▸ Activity:
The reply should hold only the lines from the one with "Rishi Traders Slim" through the end of the data, each given exactly.

▸ Collected material:

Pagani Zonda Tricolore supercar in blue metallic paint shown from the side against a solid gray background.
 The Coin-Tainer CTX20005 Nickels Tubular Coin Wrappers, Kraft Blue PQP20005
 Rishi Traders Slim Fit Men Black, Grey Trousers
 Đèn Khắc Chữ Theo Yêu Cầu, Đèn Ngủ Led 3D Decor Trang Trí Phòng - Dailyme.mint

▸ Exercise response:
 Rishi Traders Slim Fit Men Black, Grey Trousers
 Đèn Khắc Chữ Theo Yêu Cầu, Đèn Ngủ Led 3D Decor Trang Trí Phòng - Dailyme.mint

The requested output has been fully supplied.